Following the steps of Nuremberg. Duch was first sentenced to 35 years in prison, 18 years of which were deducted, a sentence that shocked Antonya. "It was unbearable to think that this man received the same sentence as a chicken thief. "Finally, in 2012, he was sentenced to life imprisonment for crimes against humanity, inhuman acts, torture and enslavement. "My family and I feel that we have obtained exemplary justice after an extremely long wait.” But still, Antonya felt bitter when Duch died a few weeks ago in hospital with a much more merciful end than that of his victims. “Imagine our dismay if he had not been tried.” The verdict indeed offered a beginning of resilience for Antonya's children, uprooted and orphaned. Her daughters, who are struggling to rebuild their lives, relied on Antonya to represent them at the trial. Nitha, their younger brother, marked for life by the story of his parents when he was 11, had already succumbed to an epileptic seizure, a symptom directly linked to his trauma according to doctors, upon his return to Cambodia in 1999.
The long path of resilience. The trial made it possible for the people of Cambodia to speak more freely about the genocide which was finally introduced into school textbooks. "How can young people advance in their culture if you erase part of their history? Thanks to the trial, people who had lived in the countryside and who had not told their children anything, either out of shame or fear of the executioners who lived next door to them, told their children about what they had been through. Many young people discovered S-21 with astonishment: they had no clue that a torture centre was in the middle of the city.
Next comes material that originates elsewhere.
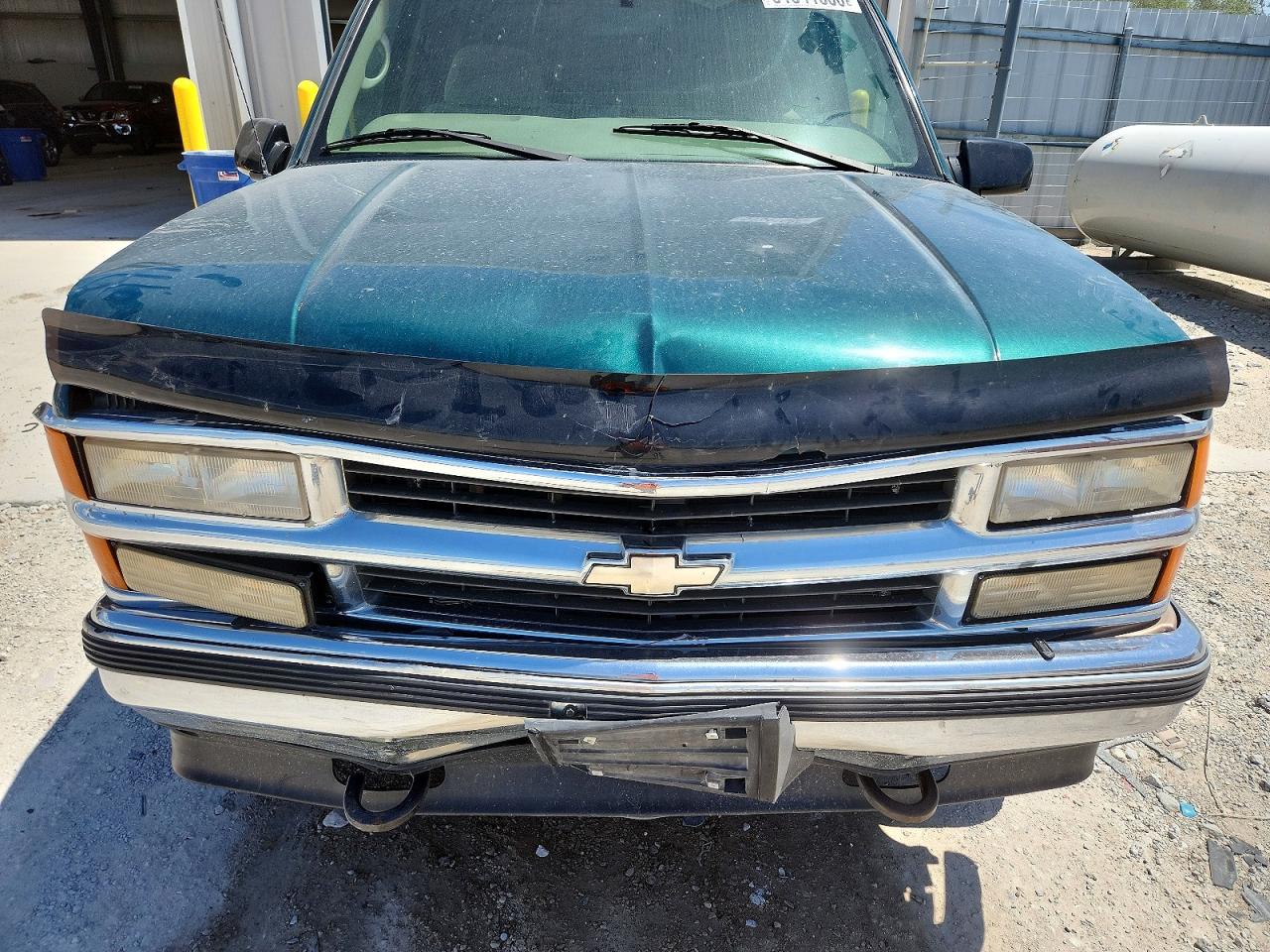Chevrolet Gmt K1500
People came from all over Cambodia to attend the hearings: the room was packed." The Khmer Rouge period was no longer taboo. That's why Antonya continues to testify relentlessly. " The presence of foreign lawyers at our side has been paramount. The victims of war crimes, crimes against humanity and mass crimes must be supported in all the countries where this happens. Without justice, there is no humanity.”